Zeigt sich, dass die Finanzen aus dem Lot kommen, so muss der Bundesrat dem Parlament ein Sparprogramm vorschlagen. Seit der Einführung der Schuldenbremse passierte das fünf mal, heisst es im EFK-Bericht.
Einmal lehnte das Parlament das Sparpaket ab, in den übrigen vier Beschlüssen gab es vom National- und Ständerat in einzelnen Punkten Ver- oder Entschärfungen.
- Entlastungsprogramm 2003
- Entlastungsprogramm 2004
Konsolidierungsprogramm 2012/13- Konsolidierungs- und Aufgabenüberprüfungspaket 2014
- Stabilisierungsprogramm 2017–19
Was haben Sparprogramme gebracht?
Die Antwort der EFK ist dazu nicht eindeutig. Sie schreibt, dass der «Spardruck» aufgebaut wurde, weil die Zinsen auf Staatsschulden und die Teuerung «wiederholt überhöht» geschätzt wurden. Jährlich seien «mehrere 100 Millionen Franken» an Ausgaben geplant worden, die am Ende viel geringer ausfielen.
Das sei wesentlich der Grund gewesen, wieso die beiden Sparpakete für 2012/13 und 2014 vorgeschlagen wurden (ersteres wurde vom Parlament dann abgelehnt). Diese seien nicht zwingend nötig gewesen, damit die Schuldenbremse eingehalten werden könne.
Die EFK kommt zu diesem Schluss auch wegen der Analyse von insgesamt 369 Sparmassnahmen, die die Ausgaben betreffen. Nur drei Viertel davon hätten tatsächlich eine Einsparung gebracht. Diese Sparpakete hätten zwar laut EFK-Bericht dazu «beigetragen», dass der Bund in den letzten Jahren stabil haushalten konnte. Wie gross der Effekt tatsächlich jedoch war, könne man aber «nicht feststellen».
Wie reagiert der Bund?
Er hat schon 2017 Massnahmen ergriffen, um das Staatsbudget besser schätzen zu können. Das habe das Problem des unnötigen Spardrucks entschärft, entnimmt man dem EFK-Bericht.
Die Eidgenössische Finanzverwaltung ist für die Finanzplanung des Bundes zuständig. Sie schreibt, dass es «intensive Diskussionen» mit der EFK gab und lässt eine Stellungnahme veröffentlichen, in der sie sich mit dem «Inhalt über weite Strecken» einverstanden zeigt, aber auch Kritik äussert:
- Die Finanzverwaltung kann nachvollziehen, dass die EFK zwei Sparprogramme im Rückblick als nicht notwendig betrachtet.

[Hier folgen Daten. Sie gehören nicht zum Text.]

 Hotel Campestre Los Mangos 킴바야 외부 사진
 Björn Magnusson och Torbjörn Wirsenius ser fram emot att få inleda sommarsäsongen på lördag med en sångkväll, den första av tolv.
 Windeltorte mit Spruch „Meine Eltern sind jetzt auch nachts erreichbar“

- Die ungenauen Schätzungen bei den Schuldzinsen seien passiert, weil es eine historisch einmalige Situation bei den Zinsen gab. Das hätten nicht mal Konjunkturexperten so erwartet.
- Der Bundesrat habe so handeln müssen, einen «Handlungsspielraum» habe es bei den Sparprogrammen nicht gegeben.